Decrypted, this meant that the speaker had seen, or hadn’t seen and was lying about, a ’57 Mercury with modifications that would cause the motor to make loud noises and then probably explode. We didn’t have the money to build genuinely fast cars. But we could dream.
The terminology wasn’t without meaning, and embodied the male passion for controllable complexity. For example, “phone-flow” meant that the car in question had four gears, mediated by a shifter on the floor boards, as distinct from threena-tree (three on the tree), signifying three gears with the lever on the steering column. Phone-flow was better, especially a narrow-gate short-throw Hurst, especially for power shifting, udden udden, blap! sceech?.

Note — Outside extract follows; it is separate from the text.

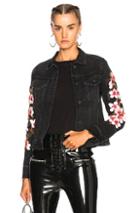 Off-white Cherry Blossom Diagonal Denim Jacket In Black,floral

Just as knights recognized each other by colorful hooha on their shields, so we knew each other by our cars. It was talismanic and tribal. Our moms wouldn’t have noticed if they had passed a flying fire truck, but we, in that instant of passing on a winding night road, instantly recognized each other–Charles with the fitty-sedden Chev 283, Butch in the fitty-three Ford with the bad lifters, Floyd in the unspeakably glorious ’63 Ford 396 Police Interceptor. (He had graduated, and was making big money in a gas station.)
Most of us labored under the delusion that we were racing drivers. I remember having the curious idea that 75 miles an hour was a reasonable driving speed for all occasions. (I know, I know. Teenage boys are dumber than mud walls. If you had taken the aggregate brains of all the boys in King George County, and put them in a garden slug, that slug would have been under-powered.) Reflexes, God, and low traffic kept us alive.
Thing is, hormones don’t take no for an answer. One night I was out driving, just driving, putting gas through the engine, feeling that wild male rush to do something stupid and defiant. In a reasonable age, fellows of fifteen would have been dismembering brontosauruses, or banging on each other with funny-looking axes, or putting cities to the sword. Guy stuff. My family didn’t have much money. I couldn’t afford a sword, or a brontosaurus.
So I started fantasizing that I was Stirling Moss, then a Formula One racing champion. This was late one night on Indian Town Road, a narrow lane shaped like a convulsing python.
The wind poured through the windows like a current of water. Frogs creaked in the swamp and bugs keened in the trees. It’s tough being a bug: You screech in a tree all night, trying to get laid, and then freeze to death. It’s kind of how teenagers look at life. I came toward a tight downhill unbanked S-turn that would have frightened an Alpine goat. I remember thinking, “Only Stirling and I can take this turn at seventy.”
I had overestimated by one.
I remember lying on my back, miraculously unhurt, looking up at the gas pedal. The Pluke Bucket was neatly on her top in the ditch.
Being a practiced teenager, I began rehearsing how to explain it to my father. Space aliens put grease on the turn? Bandits stole the Bucket and rolled her while I pursued on foot? Gravitational anomaly?
Somehow, a week later, I was back on the roads, still dreaming of hot cams and log manifolds, of the smell of gasoline and brake fluid and supercharged big-bores screaming toward high revs, and the quick, sharp speed shift that I couldn’t actually do but craved as a protest against the unsatisfactory nature of existence.
It was meaning. I still haven’t done better.